To Your Manual Therapy Success.

Please Comment and Share…

5 thoughts on “Lumbar Spine Spondylolysis Case Study – Part 2”

  1. Good deal. As always, thanks for your time and effort. Look forward to more!

    Marcus

  2. Hi Marcus,

    The cause to this athlete’s spondylolysis injury is an initial hyperextension trauma and many repeated hyperextension realated microtraumas within his sport of hockey. Not a sport that you would typically see it in, but he also did play Lacrosse in which he also sustained hyperextension trauma.
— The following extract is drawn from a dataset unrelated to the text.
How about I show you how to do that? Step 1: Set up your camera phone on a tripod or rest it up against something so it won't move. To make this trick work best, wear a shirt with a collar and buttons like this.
    I focused on educating him about the hyperextension trauma as being a culprit. I also emphasized strengthening of his core muscle group along with the Manual Therapy Techniques that I used for him.

    All the best,

    Michael

  3. Michael,

    What are your thoughts as to the cause of the spondylo in an otherwise healthy, athletic patient? What would you or did you do to address this/these issues?

    Thanks,

    Marcus

  4. Hi Carl,

    Thanks for your question…
    The reason for the ipsilateral flexion lock is to further bias the
    technique into flexion of the right L5-S1 Z-jonit to target that joint more
    so. The lock was performed into the L5-S1 joint.
    A contralateral extension lock into the joint would not acheive the same
    result if the goal is to improve flexion of that right side.
    Hope that helps to clarify.
    Michael

  5. Interesting video. Thanks Michael.

    Question for you.

    Why did you choose an ipsilateral flexion lock from above?

    Would a contralateral extension lock work the same?

    Thanks.
    Carl.

Comments are closed.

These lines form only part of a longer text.